Yeah I think a fabric may be more suitable there.

Well, as they say “try it you’ll like it” :wink:

Ah, gotcha, no, there is no support for that. Interesting thought, I never thought of that. We tend to think more “physically correct” over here (although I’m the resident “phenomenologist” that puts my finger to the wind and goes, “naah, this should be divided by… … .pi … squared… yeah, that’ll do”)

Actually, a normal sphere does that (except the very area covered by the sphere). It’s a common misconception that a sphere reflectson only the hemisphere facing the camera.

I keep thinking you could wire something like that up with the existing base shaders as a phenomena, but it may be tricky, actually… it’s of course trivial to code such a shader.

But I keep also thinking it’ll look wierd and distorted, at least on any flat-ish surface where the eye is able to “intuit” the reflection. (But yes, for curved surfaces our intuition for reflection go totally out the window and it could lend some extra artistic control… cool idea… but no, not in the shader today, m’fraid)

Actually, I found that kinda cool in my tests… also how the cherries get kinda streched in the reflection.

I’ll keep your idea in mind, though, for future shaders.


“pinch me” I must be dreaming :wink:


I haven’t had much time to play with this in recent weeks, but made some time the last few days. It’s not complete or completely satisfying, but I have made some progress.

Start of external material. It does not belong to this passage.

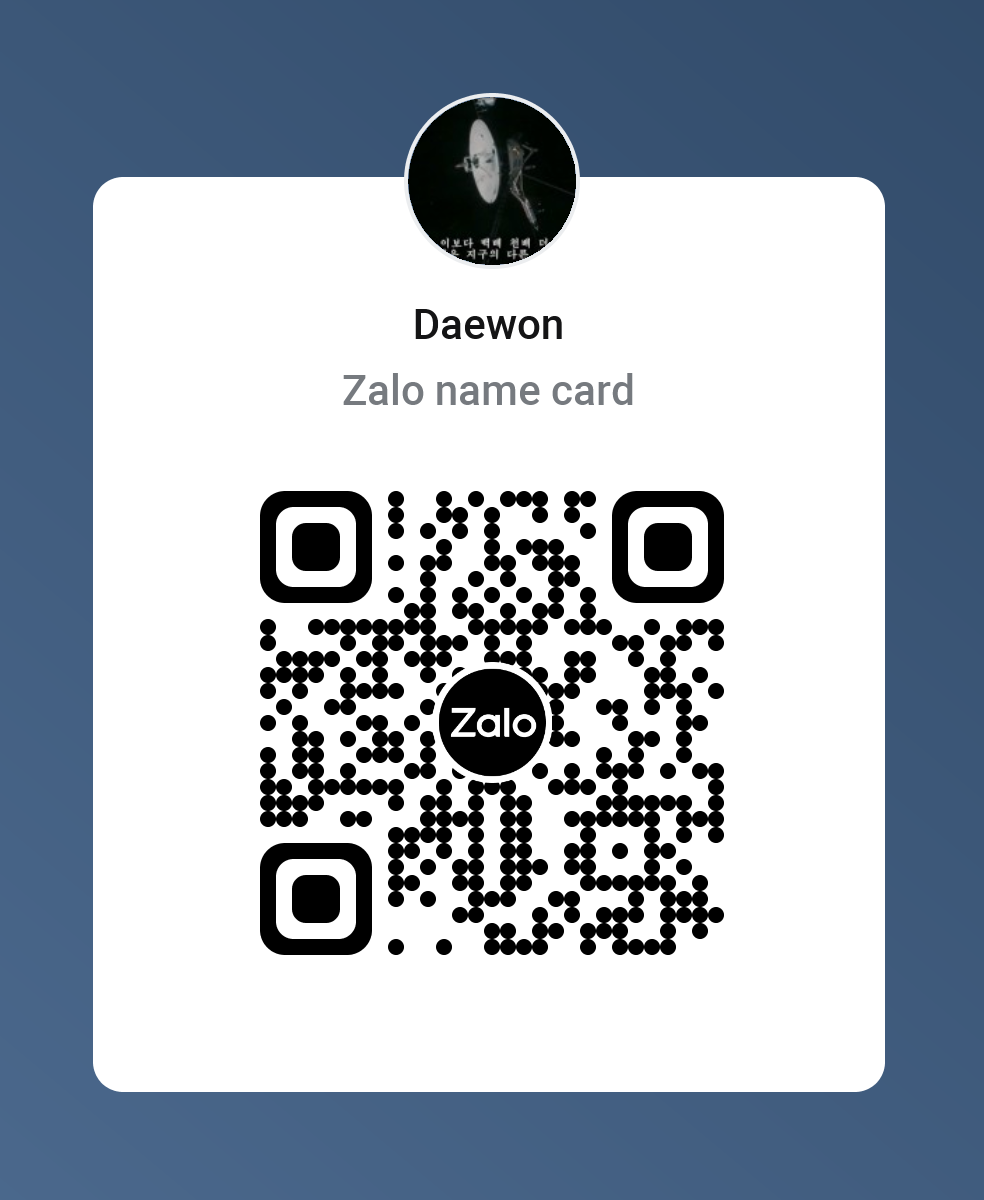 Mã QR Zalo của Daewon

All procedural textures (except for the bump on the leaf) and a simple key/fill/rim light rig with ambient occlusion.

Thanks for looking.


Here’s another test image. I smoothed out some of the geometry and put a little fog in there, too. I still have to do something to the end of the banana to make that more organic, maybe a transparency map to make a rough torn-off type edge?

Master Zap - I’ll see if I can do a SSS pass and see how that looks.

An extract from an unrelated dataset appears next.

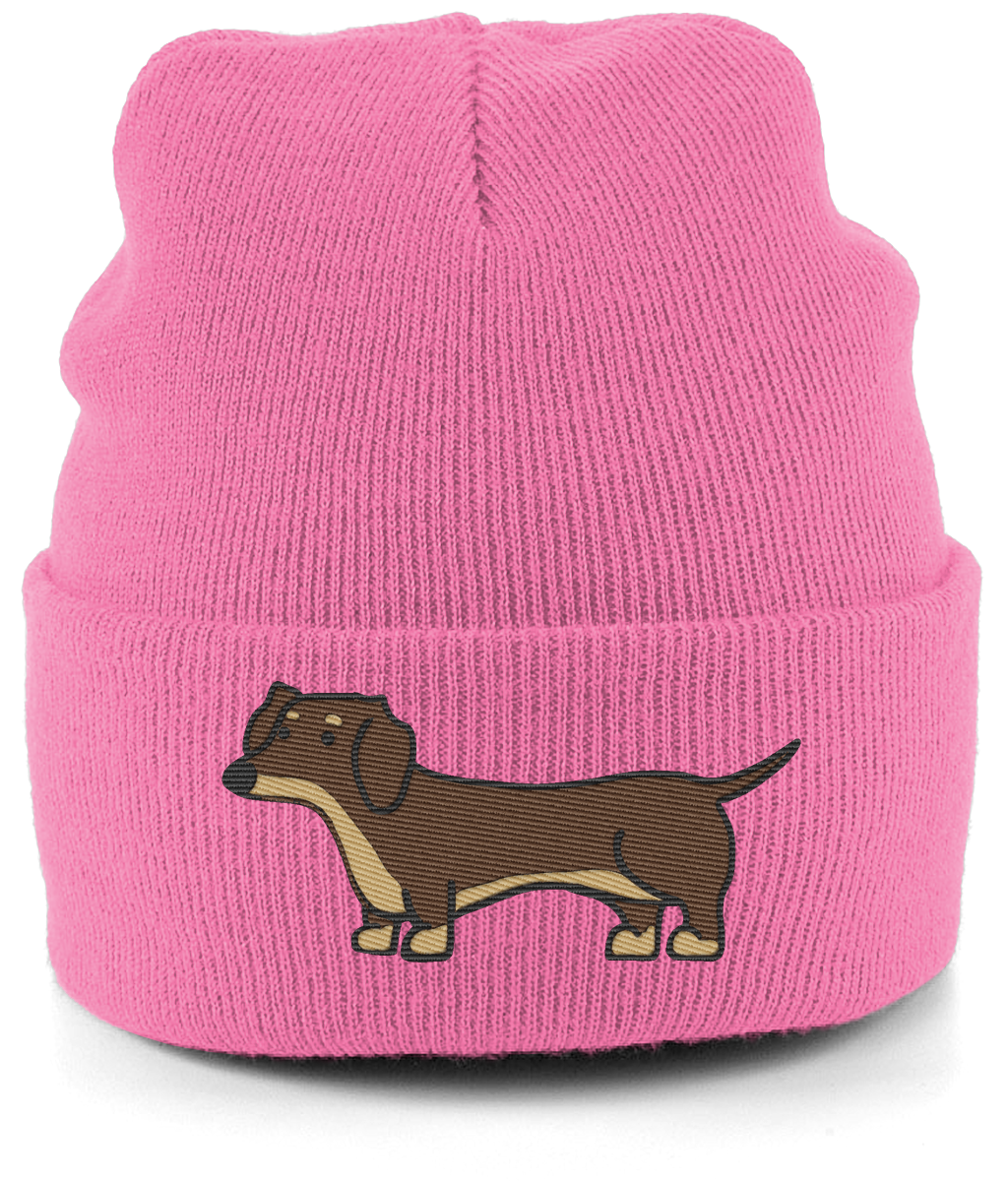 Brown and Tan Dachshund Beanie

Regarding things being “Physically Correct,” that’s a great default for the first day’s dailies on most things. But, when the director asks you to change the perspective of a shadow or reflection, if you tried telling him that you don’t want to make his change because the computer’s output was physically correct on your first version, then you might not work too many days in the industry. :wink:



I´ve seen alot of renders these days of some Spheres with a fancy IOR material: " The render is small, grainy and I had to stop it after 90 hours, but hey!. It´s physically correct!" :wink:

Great render Jeremy. Some of the fruits are a bit glossy for my liking, but the light, texturing and cloth are spot on.
To to me it has this “overcast sky/daylight light coming in the window” feeling.
If that´s what you tried to do, I think you nailed it.

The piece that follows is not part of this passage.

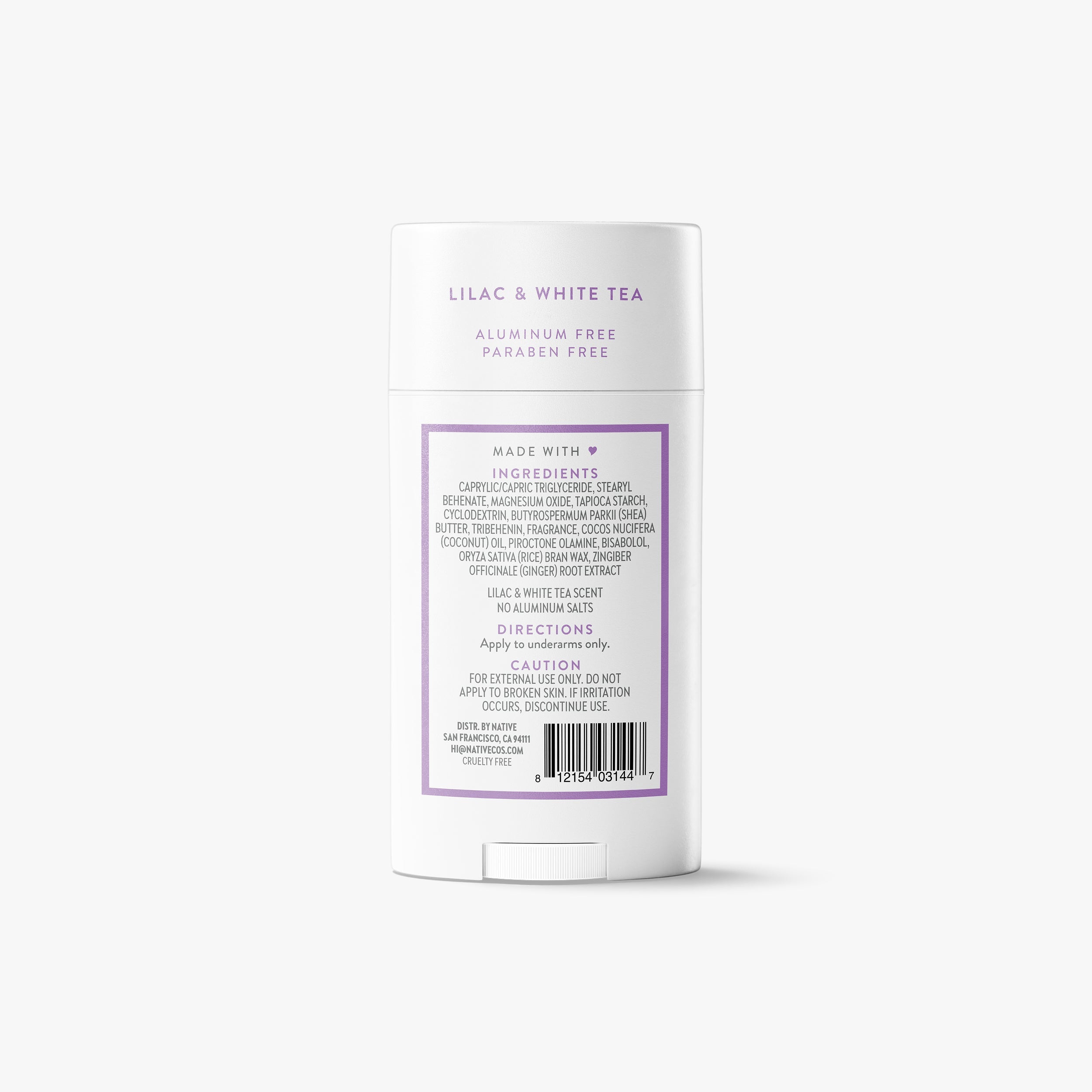 Deodorant Stick - Lilac & White Tea / Classic / 2.65oz - Clean Care Essential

You could get a job in the industy some day… :wink:


Looking good! Maybe there’s a bit too much bump mapping on the apple, an apple is such a smooth surface.

Bump maps and diffuse light don’t really mix anyway. I use bump maps to break up highlights and reflections, but on diffuse shading bump mapping usually looks so fake that I’d do anything else before using it on my diffuse.


PS - I see lots of people have been visiting this thread, hope I get some feedback too…


Which it might not even then be…even the ones who claim physical correctness often still render in a vacuum without simulating polarized light, fluorescence, dispersion in the camera lens. I don’t think there is any renderer that is completely correct, it’s all just an approximation that comes more or less close.


HEllo everyone, Wow lately so many good stuff, i have some update on the pear and well im not really sure about it. anywyas Jeremy i think u mean this.

About your image is great im not reallly sure if u told us ur mood u were looking for , to me looks great somehow i loook at it alot of time. i like your those fruits behind the apple . but im not sure about the color of the orange grapes. i guees ur mood is like old fruits. anywyas have a good one.

i didnt get how to put an image so i can see here.

anyone know if theres another name for the sss subsurface scatering in MAYA 7.0

#300 and, but I’m sure there’s others around too. Correct me if I’m wrong though.

Anyhow, I guess it’s more about physical simulation than beauty, although this terms might not exclude each other.